== Task item ==
Look through the entries below for the line with "So marketing planning" and the line with "I want to tell", then give again exactly those two lines and all lines between them, minus the pictures.

── Extracted entries

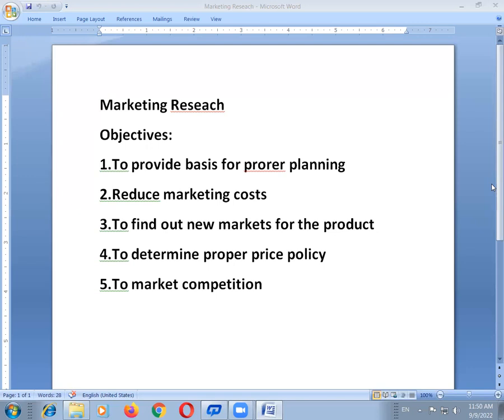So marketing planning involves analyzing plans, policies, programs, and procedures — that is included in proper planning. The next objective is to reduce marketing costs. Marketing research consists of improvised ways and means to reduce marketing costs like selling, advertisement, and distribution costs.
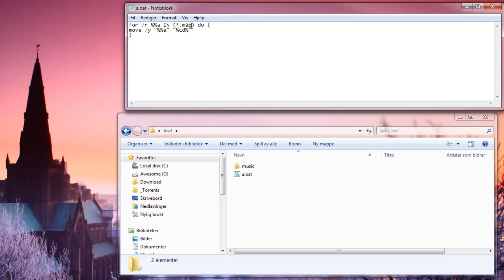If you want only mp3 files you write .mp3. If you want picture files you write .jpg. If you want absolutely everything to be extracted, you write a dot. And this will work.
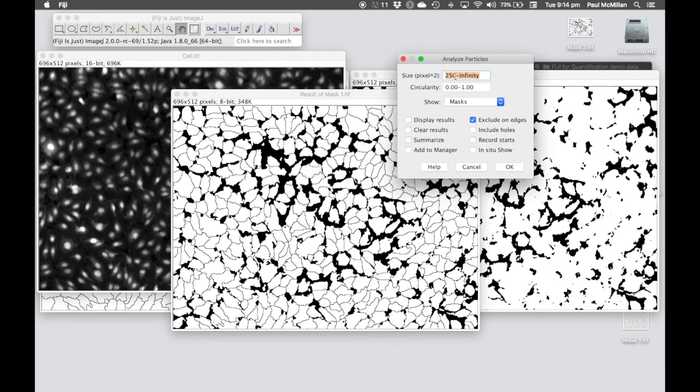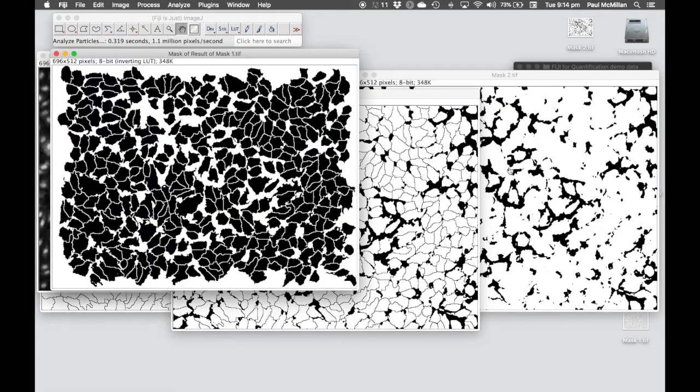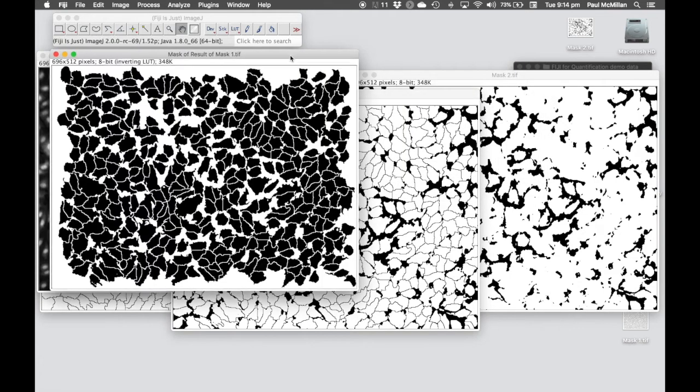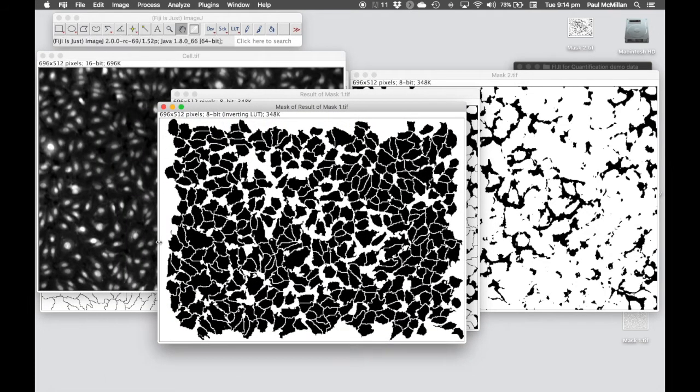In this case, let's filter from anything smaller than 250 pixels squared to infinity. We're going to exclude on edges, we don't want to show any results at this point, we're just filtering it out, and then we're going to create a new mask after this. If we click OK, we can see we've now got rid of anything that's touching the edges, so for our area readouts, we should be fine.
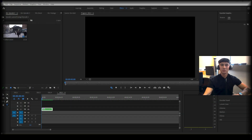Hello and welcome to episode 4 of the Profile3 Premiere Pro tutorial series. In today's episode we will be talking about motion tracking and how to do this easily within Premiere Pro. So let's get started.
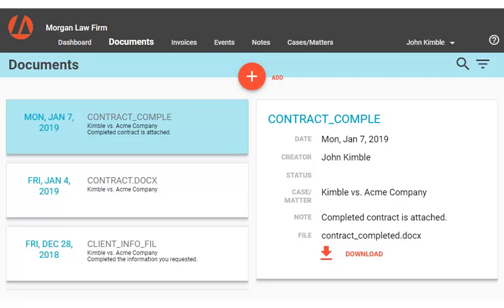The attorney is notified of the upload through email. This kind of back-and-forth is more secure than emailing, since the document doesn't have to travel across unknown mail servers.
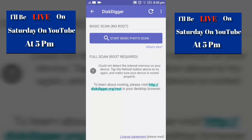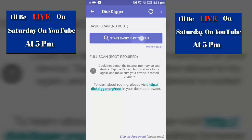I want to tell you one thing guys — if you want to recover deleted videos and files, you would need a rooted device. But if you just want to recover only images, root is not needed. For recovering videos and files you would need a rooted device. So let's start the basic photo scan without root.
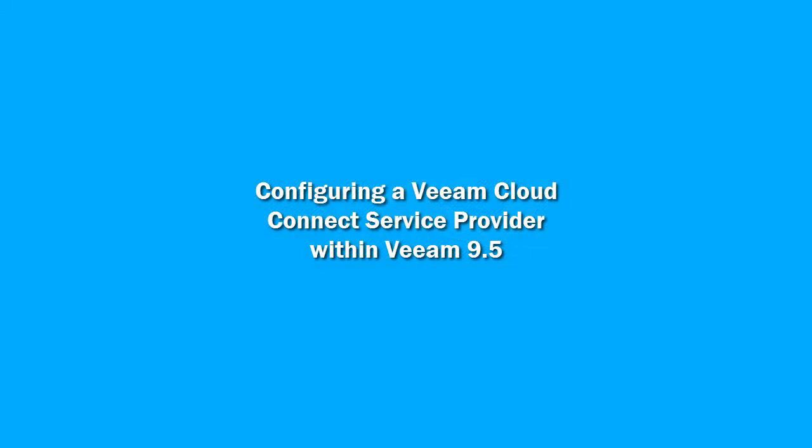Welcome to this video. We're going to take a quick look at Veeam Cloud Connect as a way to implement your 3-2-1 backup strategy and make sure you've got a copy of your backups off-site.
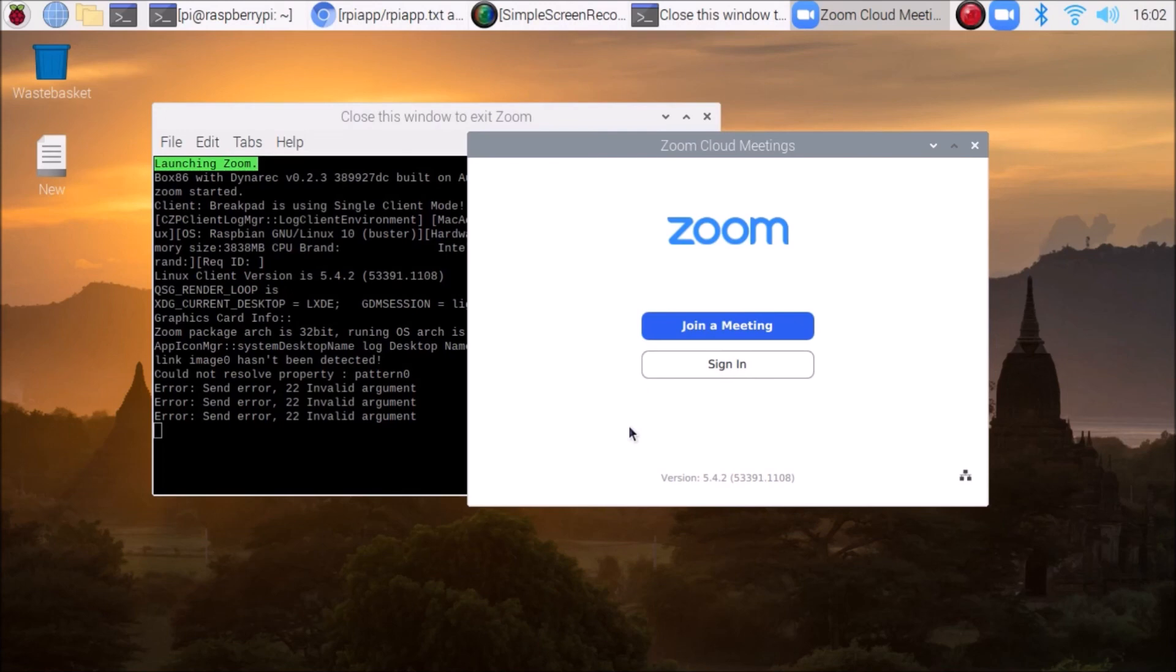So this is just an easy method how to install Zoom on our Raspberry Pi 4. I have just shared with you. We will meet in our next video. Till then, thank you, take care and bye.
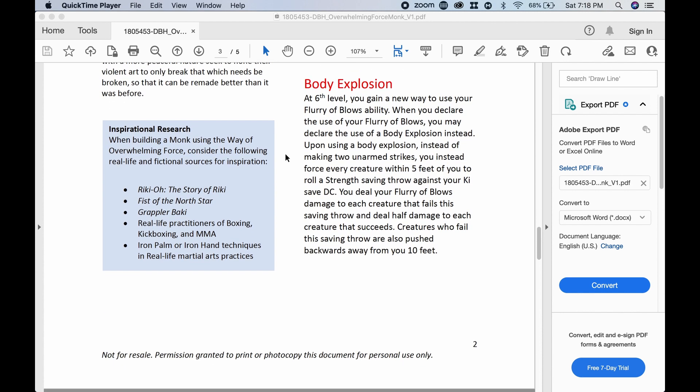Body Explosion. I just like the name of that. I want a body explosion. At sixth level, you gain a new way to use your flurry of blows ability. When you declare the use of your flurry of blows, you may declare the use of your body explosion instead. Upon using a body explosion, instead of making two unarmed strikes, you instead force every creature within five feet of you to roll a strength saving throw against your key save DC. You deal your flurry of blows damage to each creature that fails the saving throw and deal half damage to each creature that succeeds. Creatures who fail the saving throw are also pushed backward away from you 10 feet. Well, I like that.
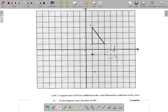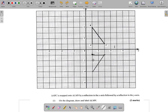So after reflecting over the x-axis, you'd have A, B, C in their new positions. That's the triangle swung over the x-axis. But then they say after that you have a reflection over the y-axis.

────
── Extracted entries

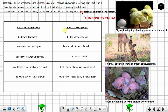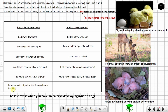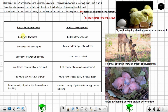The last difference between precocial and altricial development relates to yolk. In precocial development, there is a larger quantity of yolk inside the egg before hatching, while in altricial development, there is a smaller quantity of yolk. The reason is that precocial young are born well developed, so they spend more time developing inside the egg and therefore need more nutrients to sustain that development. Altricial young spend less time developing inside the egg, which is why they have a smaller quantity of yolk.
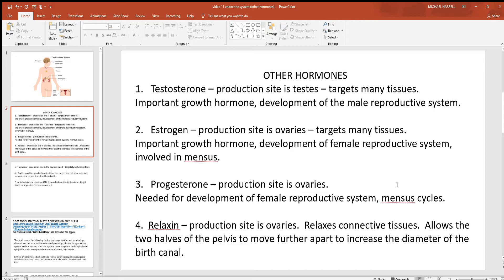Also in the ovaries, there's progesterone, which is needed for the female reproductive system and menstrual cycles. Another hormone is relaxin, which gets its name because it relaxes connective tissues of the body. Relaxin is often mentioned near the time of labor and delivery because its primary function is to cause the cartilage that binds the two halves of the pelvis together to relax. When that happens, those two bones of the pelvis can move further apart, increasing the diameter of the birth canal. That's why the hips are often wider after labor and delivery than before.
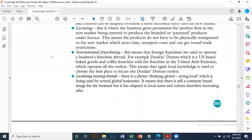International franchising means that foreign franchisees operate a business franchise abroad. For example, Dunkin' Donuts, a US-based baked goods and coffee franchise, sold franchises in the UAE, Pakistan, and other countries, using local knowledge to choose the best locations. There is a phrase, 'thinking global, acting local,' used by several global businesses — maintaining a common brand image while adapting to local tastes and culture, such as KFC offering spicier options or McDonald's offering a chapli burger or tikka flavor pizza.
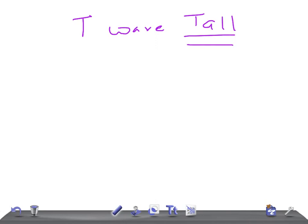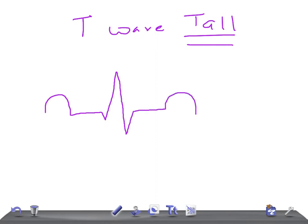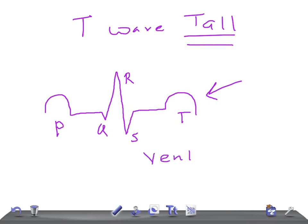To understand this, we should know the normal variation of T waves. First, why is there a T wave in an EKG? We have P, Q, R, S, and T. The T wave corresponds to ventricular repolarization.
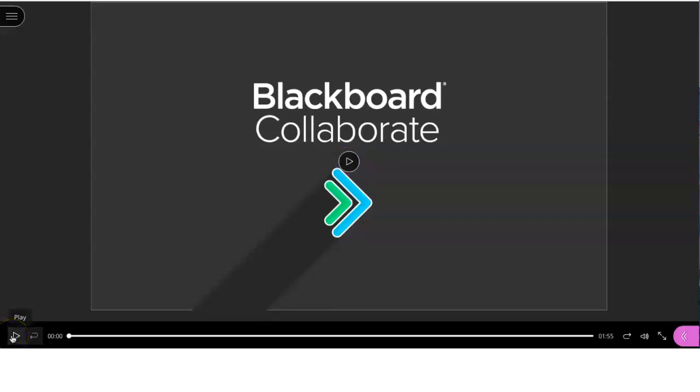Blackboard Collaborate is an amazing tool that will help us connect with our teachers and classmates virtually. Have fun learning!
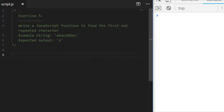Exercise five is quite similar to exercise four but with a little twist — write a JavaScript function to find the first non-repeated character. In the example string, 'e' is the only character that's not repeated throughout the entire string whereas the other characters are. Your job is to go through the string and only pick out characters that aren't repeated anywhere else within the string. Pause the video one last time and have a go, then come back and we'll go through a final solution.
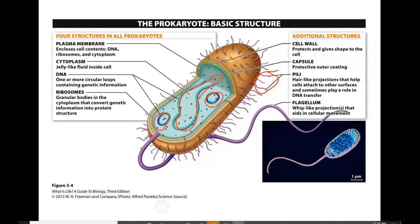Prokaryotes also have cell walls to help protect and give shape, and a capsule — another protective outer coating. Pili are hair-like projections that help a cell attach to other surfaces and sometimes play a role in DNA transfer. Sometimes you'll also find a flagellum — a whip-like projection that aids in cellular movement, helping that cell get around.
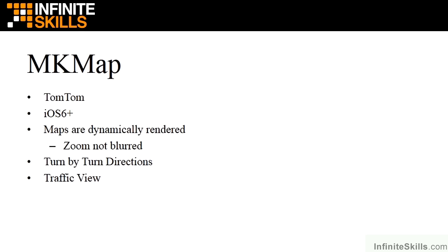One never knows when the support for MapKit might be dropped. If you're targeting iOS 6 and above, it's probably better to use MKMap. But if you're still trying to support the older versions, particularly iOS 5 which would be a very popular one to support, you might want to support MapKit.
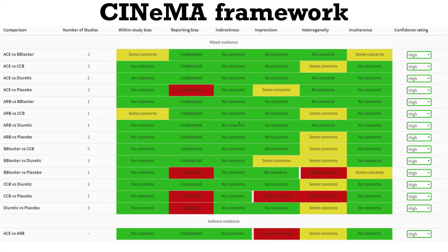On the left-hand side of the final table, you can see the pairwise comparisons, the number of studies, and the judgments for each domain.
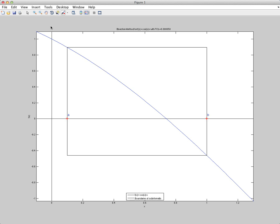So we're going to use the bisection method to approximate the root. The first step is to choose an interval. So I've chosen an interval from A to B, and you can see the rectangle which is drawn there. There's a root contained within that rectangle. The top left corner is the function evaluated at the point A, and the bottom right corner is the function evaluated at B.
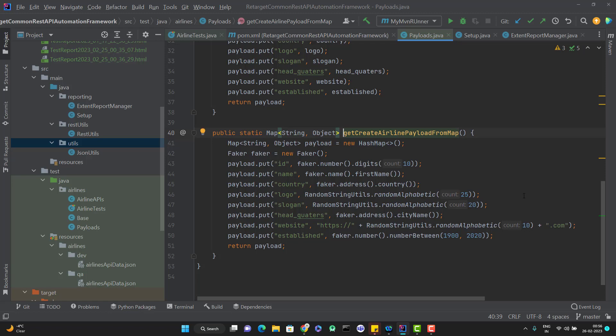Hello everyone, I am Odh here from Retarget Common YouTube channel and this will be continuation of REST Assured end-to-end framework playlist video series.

────

== Answer section ==
So marketing planning involves analyzing plans, policies, programs, and procedures — that is included in proper planning. The next objective is to reduce marketing costs. Marketing research consists of improvised ways and means to reduce marketing costs like selling, advertisement, and distribution costs.
If you want only mp3 files you write .mp3. If you want picture files you write .jpg. If you want absolutely everything to be extracted, you write a dot. And this will work.
In this case, let's filter from anything smaller than 250 pixels squared to infinity. We're going to exclude on edges, we don't want to show any results at this point, we're just filtering it out, and then we're going to create a new mask after this. If we click OK, we can see we've now got rid of anything that's touching the edges, so for our area readouts, we should be fine.
Hello and welcome to episode 4 of the Profile3 Premiere Pro tutorial series. In today's episode we will be talking about motion tracking and how to do this easily within Premiere Pro. So let's get started.
The attorney is notified of the upload through email. This kind of back-and-forth is more secure than emailing, since the document doesn't have to travel across unknown mail servers.
I want to tell you one thing guys — if you want to recover deleted videos and files, you would need a rooted device. But if you just want to recover only images, root is not needed. For recovering videos and files you would need a rooted device. So let's start the basic photo scan without root.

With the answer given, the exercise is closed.